According to the Common Core’s website, this is a myth. They write on their FAQ page, that it is “not a curriculum,” but rather “a clear set of shared goals and expectations … Local teachers, principals, superintendents, and others will decide how the standards are to be met.” Practically, however, the standards may have a nationalizing effect on curricula, for a few reasons:
- Aligning with Common Core is profitable. Teachers in 45 states are having to reconsider and repurchase curricula materials. That’s a lot of textbooks, and a lot of money that publishers and developers can tap into.
- A “Common Core – aligned” curriculum will appeal to teachers who want to ensure their students are prepared for upcoming tests. Material that clearly parallels with the standards is something of a necessary safety net.
- The ACT and SAT are both adapting to align with Common Core.
Indeed, Atlantic reporter Lindsey Tepe wrote Monday that Common Core has driven recent changes to the SAT format: whereas the SAT used to cater to 50 various education standards and assessments, “the work of high schools themselves is now converging,” as 45 states and the District of Columbia all work toward the same standards. This Education Week document brilliantly depicts the new similarities between the SAT and Common Core. Since all college-bound students—whether public, private, or home schooled—usually take either the SAT or ACT, preparations for these tests will be at least somewhat Common Core-influenced.
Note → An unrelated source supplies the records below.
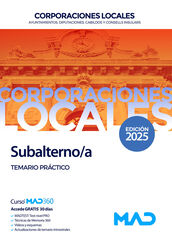 Subalterno/a de Ayuntamientos, Diputaciones y otras Corporaciones Locales. Temario pr&aacute;ctico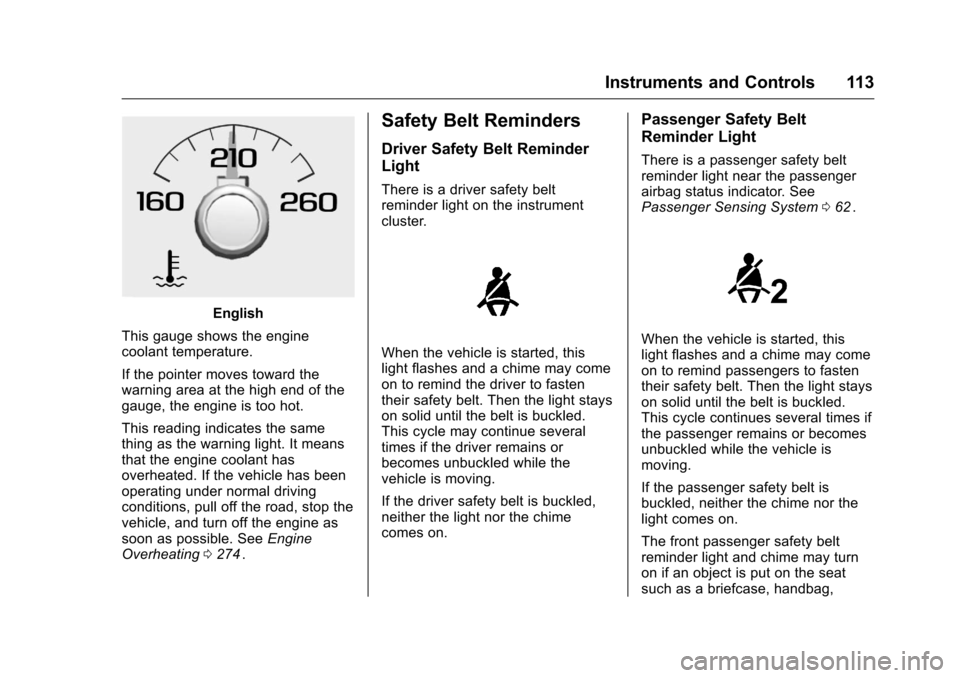 CHEVROLET COLORADO 2016 2.G Owners Manual Chevrolet Colorado Owner Manual (GMNA-Localizing-U.S/Canada/Mexico-
9159327) - 2016 - crc - 8/28/15
Instruments and Controls 113
English
This gauge shows the engine
coolant temperature.
If the pointer CHEVROLET COLORADO 2016 2.G Owners Manual Chevrolet Colorado Owner Manual (GMNA-Localizing-U.S/Canada/Mexico-
9159327) - 2016 - crc - 8/28/15
Instruments and Controls 113
English
This gauge shows the engine
coolant temperature.
If the pointer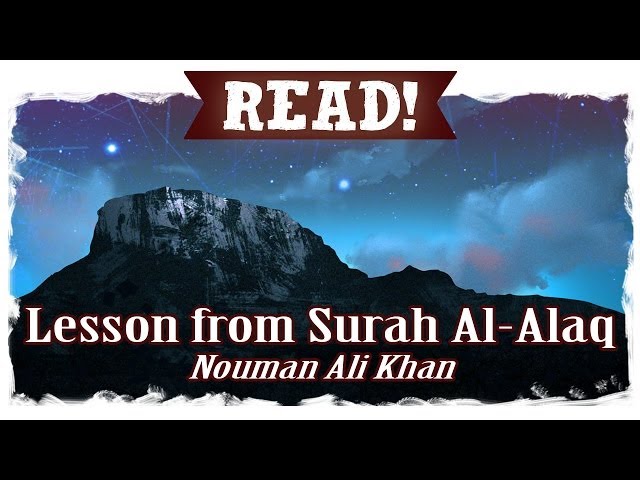  Lesson From Surah Al-Alaq . Nouman Ali Khan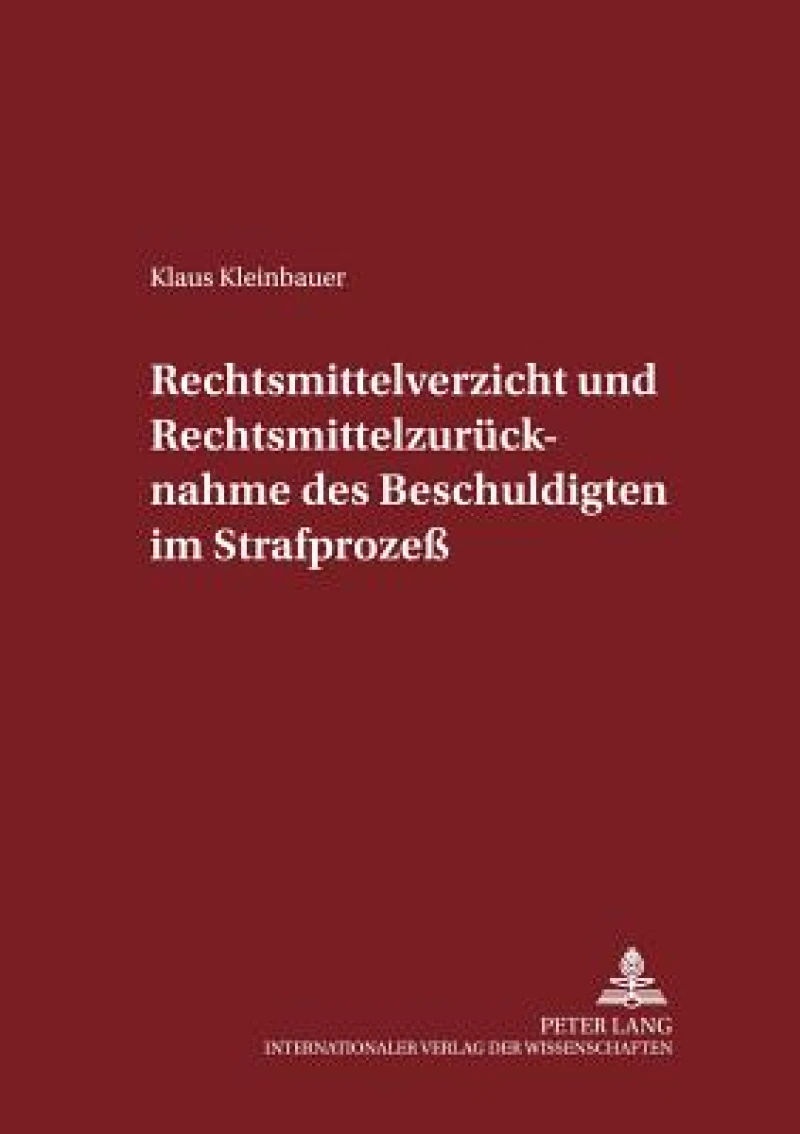 Rechtsmittelverzicht und Rechtsmittelzuruecknahme des Beschuldigten im Strafprozeß
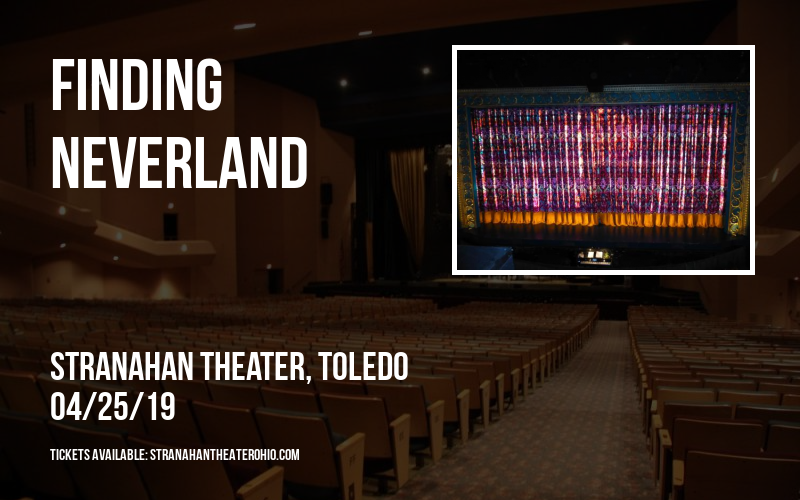 Finding Neverland at Stranahan Theater tickets Finding Neverland at Stranahan Theater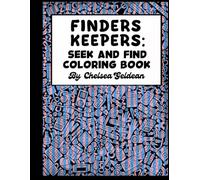 Finders Keepers: Seek and Find Coloring Book
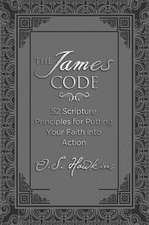 The James Code: 52 Scripture Principles for Putting Your Faith into Action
The standards do not tout specific content matter (although they do have “recommended readings”). Thus, they may not affect the content of curricula intensely. But the standard’s rigor (or lack thereof) may drive curricular difficulty levels. They may effect the ratio of “informational text” to literary readings in English classes, and perhaps inform some of the math formulas used in textbooks. They may bear somewhat on the structure and formatting of curricular material.
However, it is important to note that a superior curriculum—one that pairs careful rigor with an emphasis on student comprehension and involvement—cannot really be harmed by Common Core. If students have excellent training, the SAT should not be difficult for them, regardless of their curriculum’s informational to literary text ratio, or the type of mathematical formula taught to them in first grade. Initiative still lies with the teacher and student—to delve further into education, and explore its deepest goods.
Notice the focus of the 2008 “Benchmarking for Success” report: its demand for more rigorous standards didn’t stem from a desire for students to excel intellectually or spiritually, or to discover deep meaning or drive from the treasures of knowledge. Rather, the initiative was started as a means for the U.S. to become more commercially competitive on the international level. This isn’t meant to be cynical—rather, it adds clarity to the undergirding goals of Common Core creators. The standards were developed to “maintain America’ competitive edge into the future.”
Of course it’s important that children receive good jobs when they grow up. But according to the NGA and CCSSO definition, education is a “lever for ensuring competitiveness and prosperity in the age of globalization,” amidst a “race … among nations to create knowledge-fueled innovation economies”—a race in which the U.S., purportedly, is “falling behind.”
When we make education a “lever” to money and power, we have devalued its very core. The push of globalization may necessitate a more rigorous American economy, but such rigor is a byproduct of educational excellence—not its primary motivating factor. The inner flourishing and eudaimonia of students should be our first concern. Global competitiveness ought to come after.